UCSD Youth for Paul sponsored at the event, which was Paul's last scheduled campaign stop in California before the state's primary election on June 5. San Diego 6 News estimated there were around 5,000 people in attendance.
Known for decades as an ardent defender of freedom of speech, Paul focused on the issue early in Friday's speech. "I want to make sure the First Amendment is protected on the Internet as well!" he declared, signaling his opposition to the invasive SOPA and CISPA bills. The audience responded with thunderous applause.
"The seeds have been planted," Paul said. "There is no way they can silence the freedom movement today."
As he has done at previous campaign events, Paul pointed out the economic benefits that the U.S. would retain if Congress had followed the Constitution when it comes to waging war:
"Just think, how many wars would have been fought since World War II? None! Just think of how much money we would've saved... how much richer we would be... how much less debt we would have. Think how much less pervasive this whole notion of deficit spending would be. This country would be so much wealthier. So obey the Constitution and we would have a lot less wars."
Thousands look on as Ron Paul delivers a campaign speech at the University of California, San Diego.
Paul also spoke out on issues that made headlines last week, including the scandal surrounding Daniel Chong, a UCSD student who was locked up for five days without food or water by the Drug Enforcement Agency (DEA). "It's done in the name of being a compassionate conservative, and that's not compassionate at all," Paul stated. "If any agent of the government abuses the rights of the individual, they are personally liable and should be sued."
So many people attended the Ron Paul rally at UCSD that the crowd looked like a sea of faces.

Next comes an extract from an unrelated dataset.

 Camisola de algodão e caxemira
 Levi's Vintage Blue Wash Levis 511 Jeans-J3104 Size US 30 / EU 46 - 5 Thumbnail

In addition, Paul addressed the wrangling between the U.S and China over Chen Guangcheng, the blind Chinese dissident who sought refuge in the U.S Embassy in Beijing, as reported by the Los Angeles Times. Paul took issue with U.S. politicians who see this as an opportunity to demagogue about China's human rights abuses. "How much authority do we have and how much benefit do you think we have in lecturing and changing China?" he asked. "At the same time, what's happening to the civil liberties of individuals here in this country?"
"We have to cancel this notion out that the federal government -- any government -- can protect us from ourselves," Paul declared.
While most of the media has crowned Presidential candidate Mitt Romney as the presumptive GOP nominee, the Paul campaign continues to accelerate, gaining a plurality of delegates in Iowa, Minnesota and several other states over the last month, according to Politico and the Huffington Post. If the enthusiam displayed by Paul supporters on Friday continues to grow, the Romney campaign could be in for a surprise in August.